You specify the configuration properties for a VMware Tanzu Greenplum streaming server (GPSS) s3 load job in a YAML-formatted configuration file that you provide to the gpsscli submit
or gpsscli load
commands. There are three types of configuration properties in this file - those that identify the Tanzu Greenplum connection and target table, properties specific to the s3 data source that you will load into Greenplum, and job-related properties.
This reference page uses the name s3source-v3.yaml
to refer to this file; you may choose your own name for the file.
The gpsscli
utility processes the YAML configuration file keywords in order, using indentation (spaces) to determine the document hierarchy and the relationships between the sections. The use of white space in the file is significant. Keywords are not case-sensitive.
Keywords and Values
version Property
- version: v3
- The version of the configuration file. You must specify
version: v3
.
targets:gpdb Properties
- host: host
- The host name or IP address of the Tanzu Greenplum coordinator host.
- port: greenplum_port
- The port number of the Tanzu Greenplum server on the coordinator host.
- user: user_name
- The name of the Tanzu Greenplum user/role. This user_name must have permissions as described in the Configuring VMware Tanzu Greenplum Role Privileges.
- password: password
- The password for the Tanzu Greenplum user/role.
- database: db_name
- The name of the Tanzu Greenplum.
- work_schema: work_schema_name
- The name of the Tanzu Greenplum schema in which GPSS creates internal tables. The default work_schema_name is
public
. - error_limit: num_errors | percentage_errors
- The error threshold, specified as either an absolute number or a percentage. GPSS stops running the job when this limit is reached.

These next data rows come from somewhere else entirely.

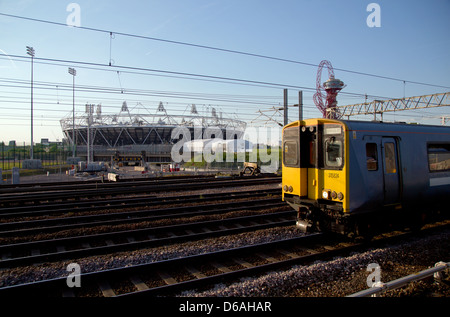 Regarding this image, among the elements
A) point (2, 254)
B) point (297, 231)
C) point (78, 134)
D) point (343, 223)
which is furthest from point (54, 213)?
point (78, 134)

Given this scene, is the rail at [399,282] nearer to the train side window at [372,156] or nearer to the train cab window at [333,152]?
the train side window at [372,156]

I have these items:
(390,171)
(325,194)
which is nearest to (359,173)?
(325,194)

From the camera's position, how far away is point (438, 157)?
9.19m

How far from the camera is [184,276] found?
607 centimetres

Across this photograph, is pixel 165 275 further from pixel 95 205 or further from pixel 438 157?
pixel 438 157

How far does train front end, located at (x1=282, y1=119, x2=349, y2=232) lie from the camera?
23.4 ft

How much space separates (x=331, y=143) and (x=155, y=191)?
11948 millimetres

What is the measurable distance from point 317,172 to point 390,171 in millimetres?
1952

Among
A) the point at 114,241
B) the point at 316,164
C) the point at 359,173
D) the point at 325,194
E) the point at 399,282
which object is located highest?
the point at 316,164

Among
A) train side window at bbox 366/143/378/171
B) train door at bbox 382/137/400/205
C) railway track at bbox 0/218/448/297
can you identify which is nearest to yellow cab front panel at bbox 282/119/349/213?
train side window at bbox 366/143/378/171

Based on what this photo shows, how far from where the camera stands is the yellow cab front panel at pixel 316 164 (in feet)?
23.4

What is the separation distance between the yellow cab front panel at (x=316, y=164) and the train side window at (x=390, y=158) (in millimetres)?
1548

- filter_expression: filter_string
- The filter to apply to the input data before GPSS loads the data into Tanzu Greenplum. If the filter evaluates to
true
, GPSS loads the message. If the filter evaluates tofalse
, the message is dropped. filter_string must be a valid SQL conditional expression and may reference one or more source value, key, or meta column names. - tables:
-
The Tanzu Greenplum tables, and the data that GPSS will load into each.
- table: table_name
- The name of the Tanzu Greenplum table into which GPSS loads the data.
- schema: schema_name
- The name of the Tanzu Greenplum schema in which table_name resides. Optional, the default schema is the
public
schema. - mode:
- The table load mode;
insert
,merge
, orupdate
. The default mode isinsert
.
update
andmerge
are not supported if the target table column name is a reserved keyword, has capital letters, or includes any character that requires quotes (" ") to identify the column.- insert:
- Inserts source data into Greenplum.
- update:
- Updates the target table columns that are listed in
update_columns
when the input columns identified inmatch_columns
match the named target table columns and the optionalupdate_condition
is true. - merge:
- Inserts new rows and updates existing rows when:
- columns are listed in
update_columns
, - the
match_columns
target table column values are equal to the input data, and - an optional
update_condition
is specified and met.
Deletes rows when: - the
match_columns
target table column values are equal to the input data, and - an optional
delete_condition
is specified and met.
New rows are identified when thematch_columns
value in the source data does not have a corresponding value in the existing data of the target table. In those cases, the entire row from the source file is inserted, not only thematch_columns
andupdate_columns
. If there are multiple newmatch_columns
values in the input data that are the same, GPSS inserts or updates the target table using a random matching input row. When you specifyorder_columns
, GPSS sorts the input data on the specified column(s) and inserts or updates from the input row with the largest value.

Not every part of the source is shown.